» **Data for this task**:
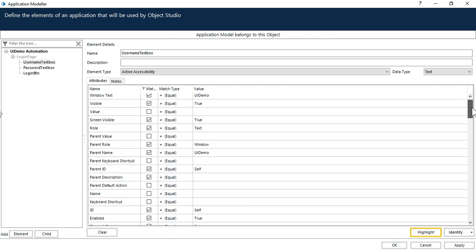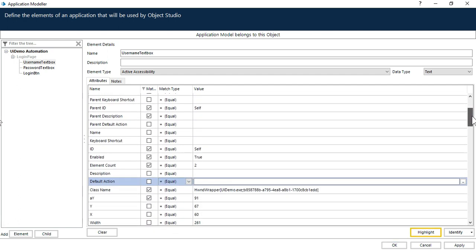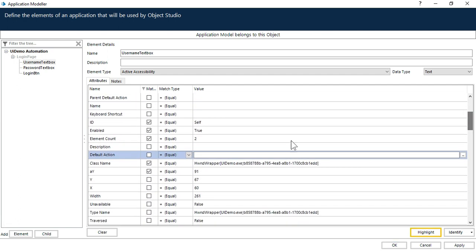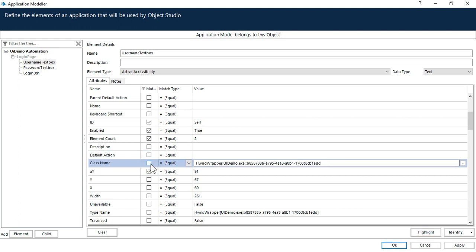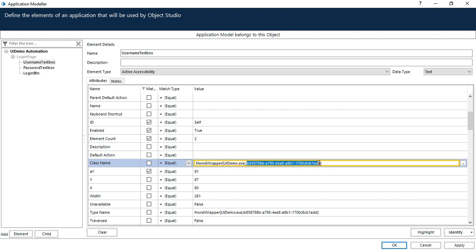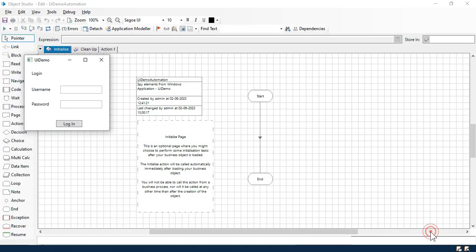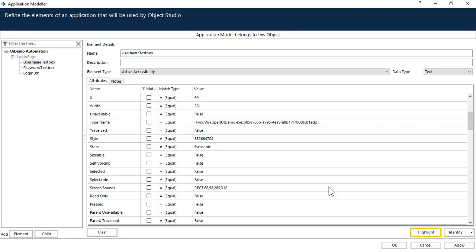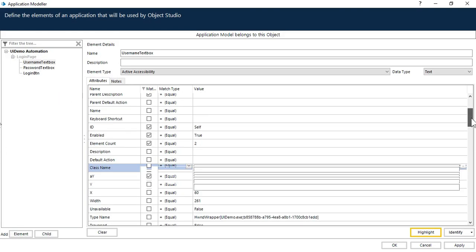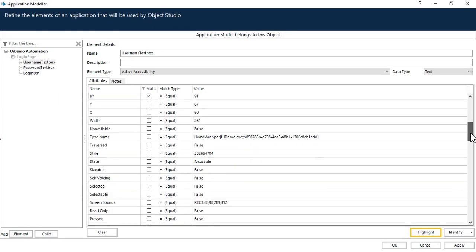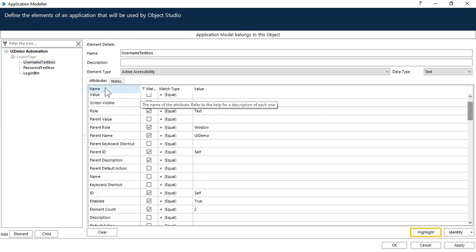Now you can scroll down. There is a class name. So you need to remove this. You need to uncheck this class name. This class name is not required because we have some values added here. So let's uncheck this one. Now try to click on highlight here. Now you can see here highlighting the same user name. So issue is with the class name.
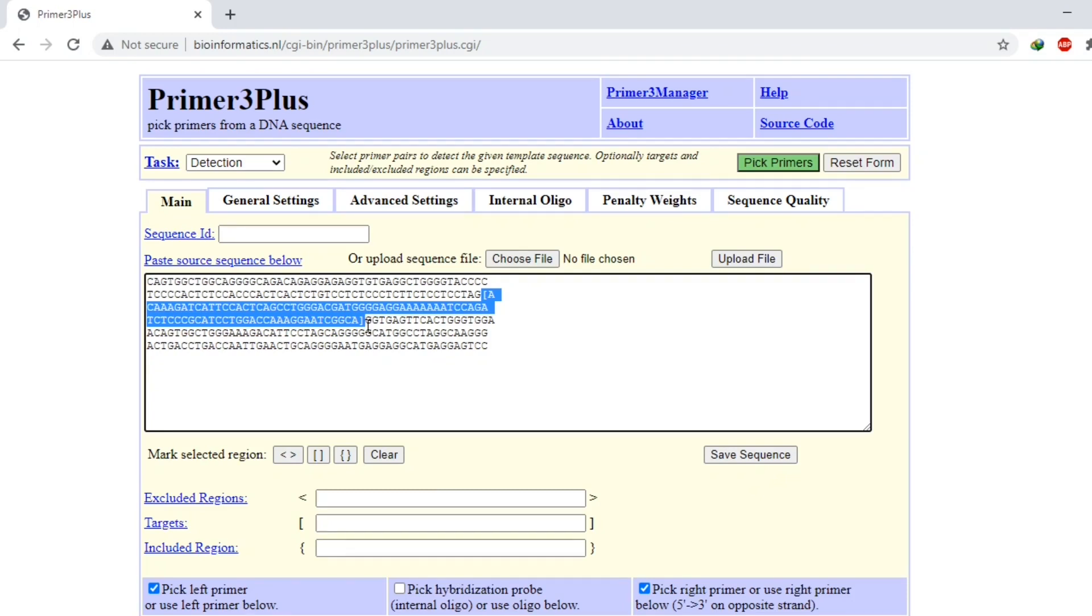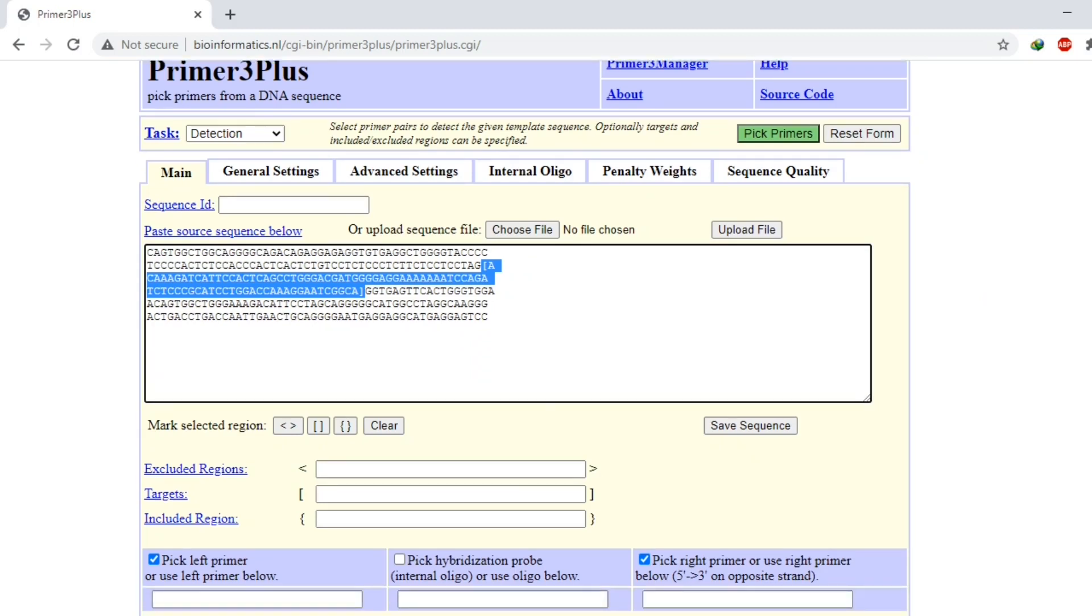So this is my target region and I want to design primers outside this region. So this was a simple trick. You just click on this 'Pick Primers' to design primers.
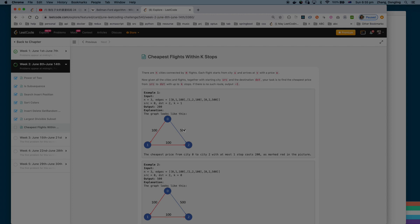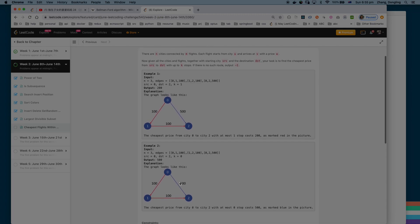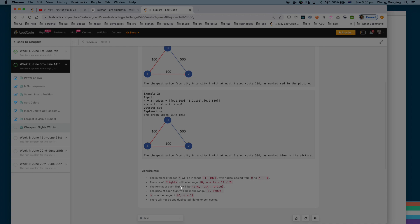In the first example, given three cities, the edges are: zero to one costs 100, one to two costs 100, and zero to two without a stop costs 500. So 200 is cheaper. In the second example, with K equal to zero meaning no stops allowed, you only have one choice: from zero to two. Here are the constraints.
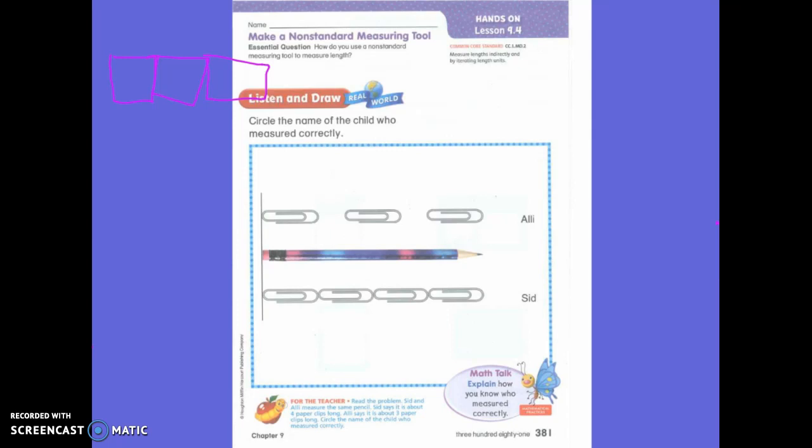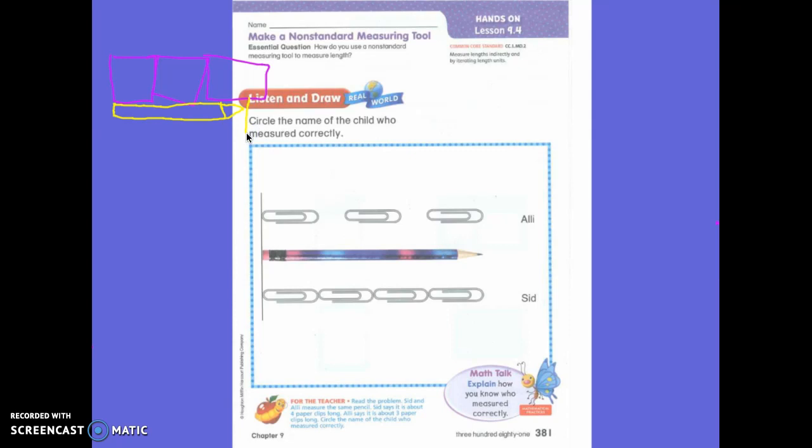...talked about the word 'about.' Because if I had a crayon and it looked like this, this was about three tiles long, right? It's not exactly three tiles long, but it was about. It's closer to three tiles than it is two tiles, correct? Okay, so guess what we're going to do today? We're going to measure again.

* * *

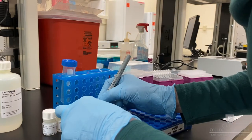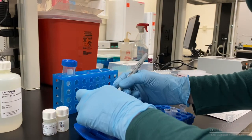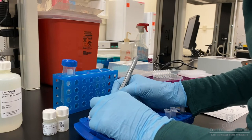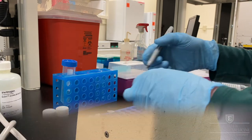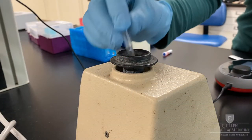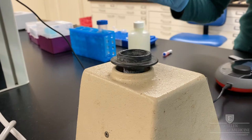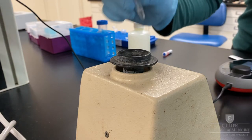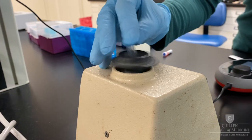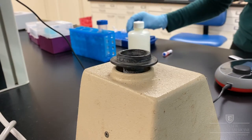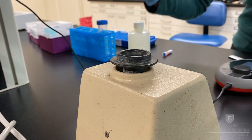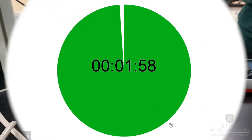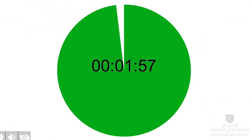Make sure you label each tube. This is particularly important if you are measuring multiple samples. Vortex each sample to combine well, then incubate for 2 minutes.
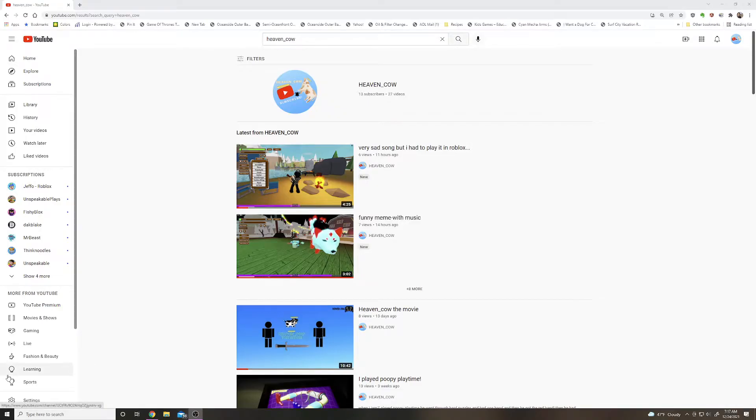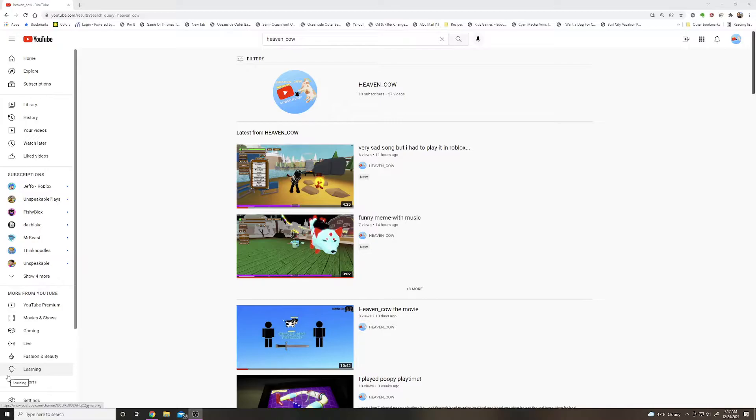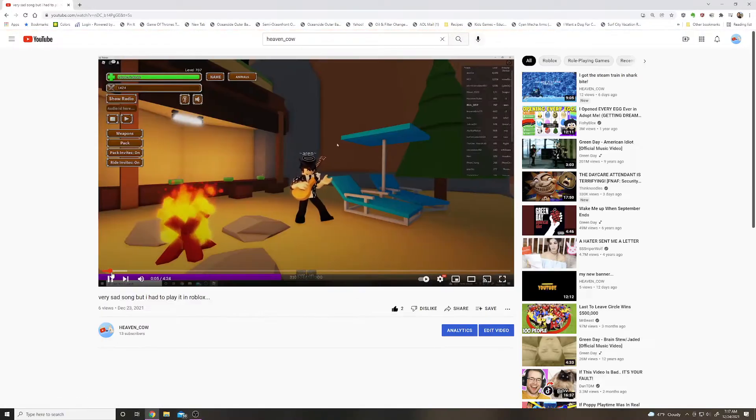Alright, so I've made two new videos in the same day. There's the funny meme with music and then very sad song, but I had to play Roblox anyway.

» **Problem statement**: Among the entries above, find the line with "Now you can scroll" and repeat exactly from there through the line with "to measure again.", leaving out the pictures.

» **Solution to the exercise**:
Now you can scroll down. There is a class name. So you need to remove this. You need to uncheck this class name. This class name is not required because we have some values added here. So let's uncheck this one. Now try to click on highlight here. Now you can see here highlighting the same user name. So issue is with the class name.
So this is my target region and I want to design primers outside this region. So this was a simple trick. You just click on this 'Pick Primers' to design primers.
In the first example, given three cities, the edges are: zero to one costs 100, one to two costs 100, and zero to two without a stop costs 500. So 200 is cheaper. In the second example, with K equal to zero meaning no stops allowed, you only have one choice: from zero to two. Here are the constraints.
...talked about the word 'about.' Because if I had a crayon and it looked like this, this was about three tiles long, right? It's not exactly three tiles long, but it was about. It's closer to three tiles than it is two tiles, correct? Okay, so guess what we're going to do today? We're going to measure again.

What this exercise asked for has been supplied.